Say you breed some of your does in early September, Kids from this breeding session will be hitting the ground in Late January or Early February. The kids will nurse for at least 3 months.
The does should lactate (produce milk) for 10 months. Milk production fluctuates during the entire lactation period, peaking in approximately the 3rd month of lactation. Ideally these does will produce milk until sometime in November. You will want to allow them a drying off period of  at least 2 months before you rebreed them . This would mean re breeding them in January, giving you May kids and a 10 month lactation period lasting until the following March.

Just because they can hold a 10 month lactation period, doesn't mean they need to. If you would like to dry them off before the 10 month period is up for a more convenient kidding  season, this can be done easily.  

If you breed some of your does in September, some in October, November and possibly December; your kidding season will extend from Late January until Early May and the milk supply should last you just about year round.

How We do it Here

As a rule of thumb I always allow the doe and buck to breed at least  3 successful times during a session to make sure she is bred. This means 3 mountings, three times he has thrown his head back and three times she has crunched. After they have spent a bit of post-courtship, I return the buck back to his pen.

I personally have a buck pen with 14 mature bucks housed together. I see no reason to keep a single buck alone, as they get lonely too. If you only have one buck, placing at least one wether in with him for company is always a good idea. When he returns to his pen, the others WILL smell the breeding and will more than likely torment him some. They may mount him, chase him or head butt with him. Keep an eye on him to make sure he isn't being beat up too badly for the first 24 hours after a breeding session. As you could well imagine, they are jealous that he got to breed and they did not.

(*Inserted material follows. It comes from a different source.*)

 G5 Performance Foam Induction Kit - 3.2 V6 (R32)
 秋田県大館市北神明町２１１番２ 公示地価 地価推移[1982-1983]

I personally use the standing breeding method. I decide which buck to use for which doe, I place a collar on him and a lead rope and remove him from the buck pen and take him to the doe I have already removed from the doe pen to a neutral area - preferably out of vision from either yard. I place them together and watch. If I were to leave the area, I would not know for absolute that they had bred. I make sure he actually enters the doe when he mounts her (sometimes they miss). I watch for doe crunches. If there is a particular breeding I would like to have happen and there is a size difference with the doe being taller than the buck, I will guide them to a place where he can stand on a hill or uphill from her so he can reach her successfully. I don't breed a buck to a doe who is considerably  smaller than he is - I fear an injured back during breeding  and too large of kids during kidding. After they have bred, I do offer both of them a treat and some electrolytes in the water. They do use a lot of energy breeding , even if it doesn't seem like it takes very long (time wise).

A successful breeding will bring about a quiet lifestyle. Once all of  the does are  bred and they have "settled" meaning they are bred and beginning the process of growing fetuses, the bucks will settle down and spend the rest of the cooler months in quiet mode. The does will also settle and begin to act "normally" again.  If peace and quiet is important to you.. get everyone bred the first cycle or two of the season. BUT I warn you..  January and February can be quite cold. SO you will be having babies hit the ground in possibly the coldest months of the year.. which is another article completely!

FYI: The lip the bucks make is called the Flehman Response. Does also make this lip when they check the young kid's urine. The goats are able to smell certain hormones in the urine when they use this response. It makes sense that they are checking the urine for health on their kids.

 Flehman Response

There you have it... Goat Breeding Season.. in 5 long months you will have kids hitting the ground healthy and beautiful!